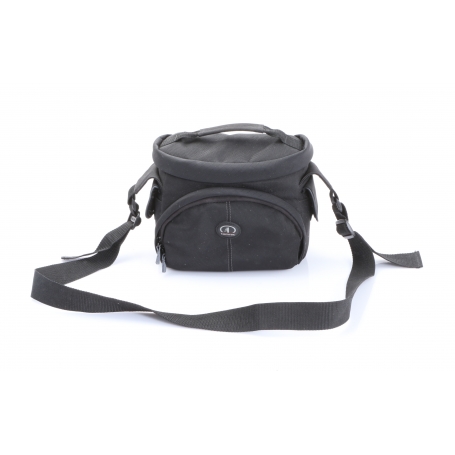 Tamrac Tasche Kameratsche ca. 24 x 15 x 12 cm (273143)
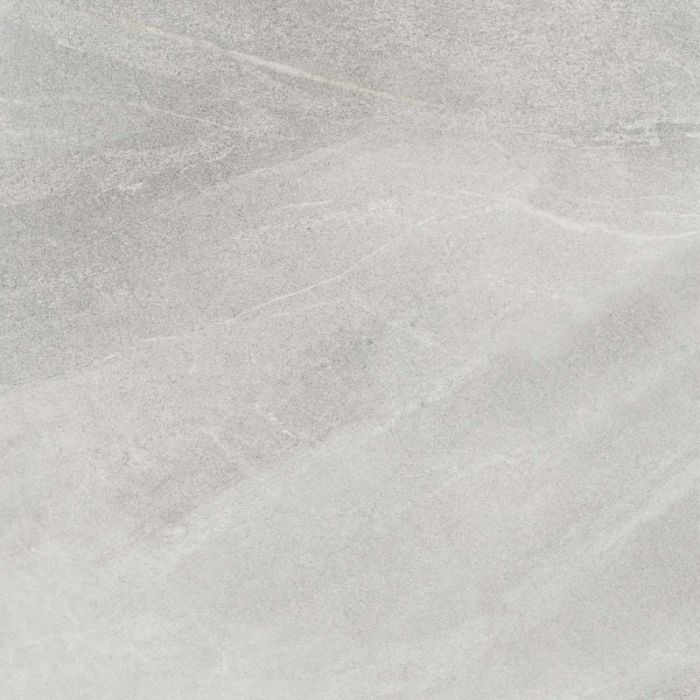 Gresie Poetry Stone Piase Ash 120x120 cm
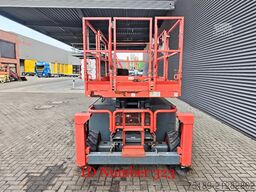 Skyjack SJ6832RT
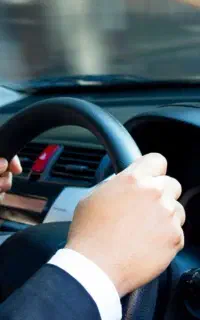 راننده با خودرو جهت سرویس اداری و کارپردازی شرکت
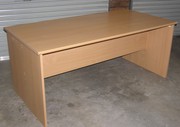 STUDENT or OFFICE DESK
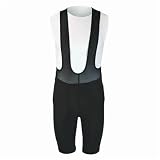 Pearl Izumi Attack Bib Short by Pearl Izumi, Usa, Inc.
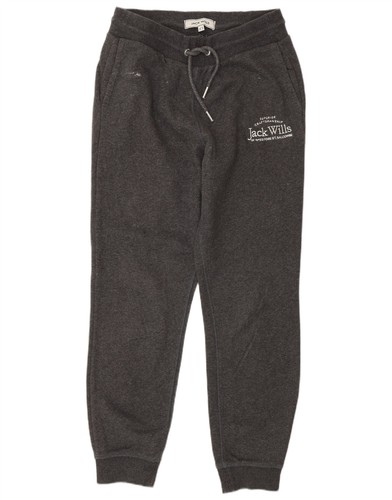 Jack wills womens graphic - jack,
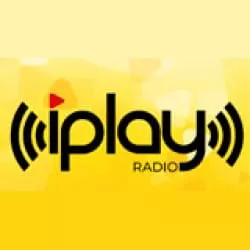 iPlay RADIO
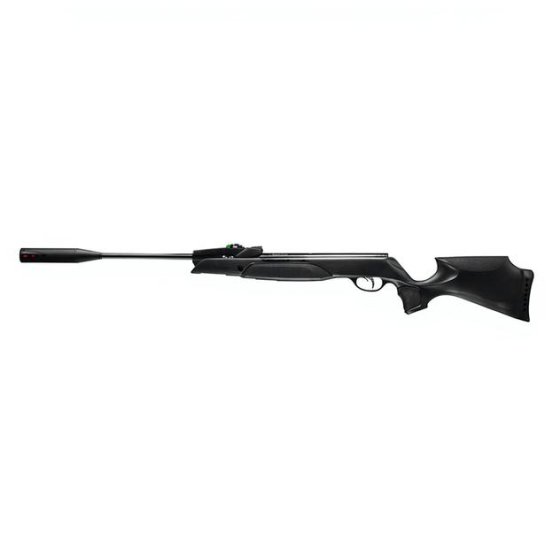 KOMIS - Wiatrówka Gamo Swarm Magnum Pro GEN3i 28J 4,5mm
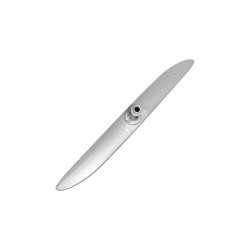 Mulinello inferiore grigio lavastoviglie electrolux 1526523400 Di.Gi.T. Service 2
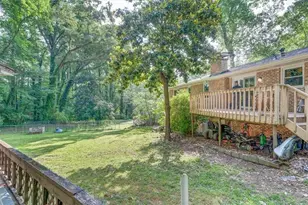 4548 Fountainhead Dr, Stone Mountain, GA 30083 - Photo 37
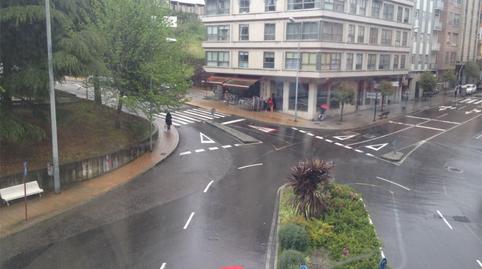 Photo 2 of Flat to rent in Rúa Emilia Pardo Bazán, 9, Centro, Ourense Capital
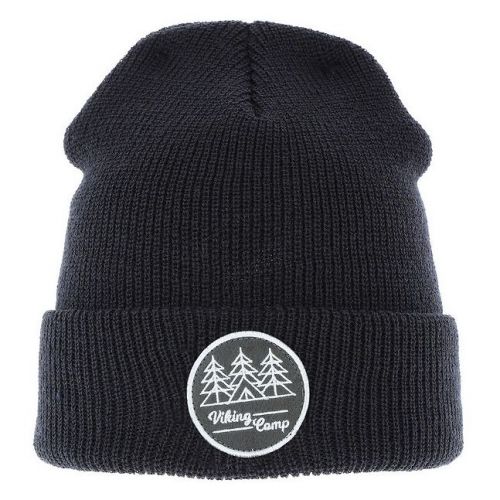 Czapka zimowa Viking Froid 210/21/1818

++++++++++++++++++++

## Exercise directions
Print, please, exactly the lines from the one holding "Photo 2 of Flat" through the final line of the data, both included, while leaving out each picture.

## Reply
 Photo 2 of Flat to rent in Rúa Emilia Pardo Bazán, 9, Centro, Ourense Capital
 Czapka zimowa Viking Froid 210/21/1818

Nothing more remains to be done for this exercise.